De adolescentes soñábamos con entrar a las funciones de Porky’s en La Florida. La censura lo impedía y tocaba conformarse con ver las distintas Locademia de policía. La seguridad permitía salir de noche en la calle, fuera de los centros comerciales. Al lado de la plaza Francia, las colas inundaban las adyacencias del Cine Altamira para disfrutar del estreno deTitanic.

En la Margot Benacerraf del Ateneo de Caracas descubrimos joyas del séptimo arte gracias al esfuerzo de los curadores y administradores de la institución. Ahí los ciclos anuales eran famosos, cotizados y concurridos.
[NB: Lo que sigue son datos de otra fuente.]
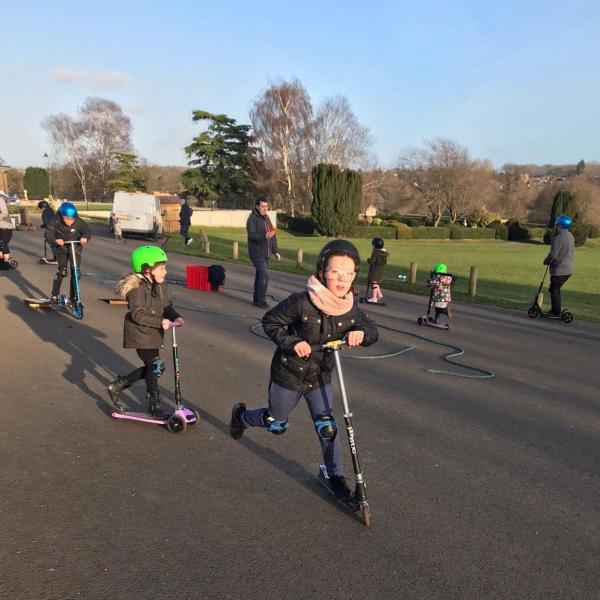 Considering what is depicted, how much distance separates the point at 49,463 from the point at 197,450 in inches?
43.9

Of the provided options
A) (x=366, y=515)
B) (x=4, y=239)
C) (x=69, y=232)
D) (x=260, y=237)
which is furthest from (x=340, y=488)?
(x=4, y=239)

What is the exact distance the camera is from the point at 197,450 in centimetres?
408

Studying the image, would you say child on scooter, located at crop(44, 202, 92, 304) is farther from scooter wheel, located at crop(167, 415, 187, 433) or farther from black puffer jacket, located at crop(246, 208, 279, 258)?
scooter wheel, located at crop(167, 415, 187, 433)

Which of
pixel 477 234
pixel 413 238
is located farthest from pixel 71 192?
pixel 477 234

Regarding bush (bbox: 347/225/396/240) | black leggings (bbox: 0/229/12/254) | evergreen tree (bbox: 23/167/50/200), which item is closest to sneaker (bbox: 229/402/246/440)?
black leggings (bbox: 0/229/12/254)

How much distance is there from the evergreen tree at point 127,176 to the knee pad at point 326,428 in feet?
211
Intercalaban clásicos con trabajos audiovisuales de la época.

Las revistas de crítica (Encuadre y Cahiers, por ejemplo) se vendían en librerías a precios accesibles e incentivaban la necesaria discusión de los contenidos nacionales e internacionales. A la postre, fueron descontinuadas y torpedeadas por el aislamiento y el linchamiento de la libertad de expresión.

Los autocines enriquecían la oferta de pantallas diversas. A cielo abierto garantizaban dos horas de amena distracción en familia. De niños nos llevaban escondidos en las maletas de los carros. De jóvenes servían para consumar fantasías románticas, eróticas y sexuales.

Por supuesto, había problemas y contradicciones; pero resultan cuestiones menores en comparación con el estado actual de las cosas.

En descargo de la deriva contemporánea, es menester reivindicar el loable esfuerzo de iniciativas alternativas, independientes y privadas, como Trasnocho Cultural, el Cine Los Galpones, el Cine Móvil de Circuito Gran Cine y el Cine Jardín (Hacienda La Vega). Ejemplos de una memoria que resiste.